Fernando Fischmann

How innovation is protecting Africa’s most vulnerable from extreme weather

8 January, 2016 / Articles

When life is already a struggle, a sudden shock can have a devastating impact. Families and communities can find themselves pulled in a downward spiral from which it may be impossible to escape.

Storms, droughts and floods are often not the reason why millions in Africa and many other regions are in poverty. But it can be the final blow which kills off their opportunity to make a better life for their families.

This is why in, the talks in Paris, the focus must not only be on the immense global challenge of climate change and the collective need to take bold action to cut emissions. They must also focus on the millions of small impacts that the changing climate will bring – and the extreme weather events it is already fuelling – which are damaging the life chances of families across Africa and the developing world.

Extreme weather is, of course, damaging wherever it hits. But in developing regions and for the most vulnerable families, it can be the difference between hope and despair.

Subsistence farmers, after all, don’t have insurance or savings to allow them to rebuild their lives. Nor may national governments, however much they want to help, have the resources or machinery to offer support.

Aid agencies and the wider world community work tirelessly to respond to natural disasters. But aid rarely matches what is required and the ad-hoc nature of the response inevitably means delays. Despite their best efforts, it can take months for needs to be assessed, an international appeal launched and funds collected before emergency aid reaches the people most in need of help.

Such delays can be – and are proving to be – the final straw for families and communities already living on the edge. Thousands of people can be forced from their homes never to return. Those that stay may sell or slaughter the livestock on which their livelihoods depend.

The result is that extreme weather events do far more than cause huge individual suffering and disruption. They deepen and extend poverty and, at their worst, can reverse an entire decade of development progress.

It is why, as well as bold collective action to first slow and then reduce carbon emissions, effective systems to help protect communities against natural disasters must be at the heart of action to tackle climate change.

The good news is that we are not starting from scratch. Across the world, we have seen the creation and growth of innovative programmes which are building the resilience of countries and communities in the front line of the battle against climate change.

The African Risk Capacity (ARC) and Caribbean Catastrophe Risk Insurance Facility, for example, are existing, comprehensive, integrated and practical solutions to this challenge. Both have been developed locally to allow countries better to pool and manage risk and harness outside expertise and capital resources.

At the heart of ARC is a weather insurance scheme, drawn up under the umbrella of the African Union with the active involvement of global reinsurance markets. It has active support from international partners such as Germany and the UK who are providing interest-free loans.

Member countries pay annual premiums, based on their size and risk analysis of the likely frequency and impact of floods, storms and droughts within their borders. Their participation enables them immediately to access relief funds, far larger than their premiums, when pre-agreed triggers show climate disaster has struck.

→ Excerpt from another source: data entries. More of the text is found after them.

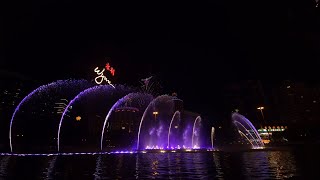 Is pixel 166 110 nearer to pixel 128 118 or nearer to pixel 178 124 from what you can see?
pixel 178 124

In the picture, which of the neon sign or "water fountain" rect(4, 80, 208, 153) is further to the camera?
the neon sign

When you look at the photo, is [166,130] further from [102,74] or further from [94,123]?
[94,123]

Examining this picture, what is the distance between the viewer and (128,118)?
86.4m

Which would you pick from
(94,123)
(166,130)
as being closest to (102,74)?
(94,123)

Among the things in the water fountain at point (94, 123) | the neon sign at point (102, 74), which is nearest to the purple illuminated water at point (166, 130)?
the water fountain at point (94, 123)

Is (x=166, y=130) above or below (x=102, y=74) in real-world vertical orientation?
below

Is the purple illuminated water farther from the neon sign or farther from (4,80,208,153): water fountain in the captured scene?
the neon sign

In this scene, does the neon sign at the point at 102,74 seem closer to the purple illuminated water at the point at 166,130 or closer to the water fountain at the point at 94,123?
the water fountain at the point at 94,123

But ARC is far more than just a regional variation on a traditional insurance scheme. A sophisticated model has been developed, using data from satellites, which allows the occurrence of severe weather events and their impact on communities to be estimated accurately.

It is already helping to forecast where the storms, floods and droughts associated with this year’s severe El Niño may have the most impact in the east of Africa. This early warning system not only means the authorities are alerted much more quickly to a crisis in the making but also enables pay-outs to be immediately made once triggered.

Help is far more likely to reach those who need it quickly, as those countries in the ARC, as a condition of participation, have to put in place effective emergency planning systems. By putting African countries in charge, ARC cuts duplication and delays, leading to faster and better results.

What is even more encouraging is that ARC has already delivered impressive results. Earlier this year, before the international appeal had been even launched to help countries struggling with a lack of rains, it paid out $26m to Senegal, Mauritania and Niger.

This was used to buy livestock fodder and staples for 1.3m people in the communities that ARC’s computer model indicated would be most affected by the drought. It helped already hard-pressed families stay on their land by giving them the breathing space to recover.

These successes – and the fact that studies show every dollar spent on ARC saves over four dollars in international aid – explains why such initiatives are at the heart of international plans to increase the resilience of countries and communities against climate change. The G7 has pledged to support scaling up to provide 400m more people in low and middle income countries protection against climate-related hazards by 2020.

But to achieve this ambition, we need more countries to join and development partners to support the participation of the poorest countries and those with the greatest climate risks. We can’t prevent bad weather but together we can protect the most vulnerable and provide the tools to help them rebuild their lives within their communities.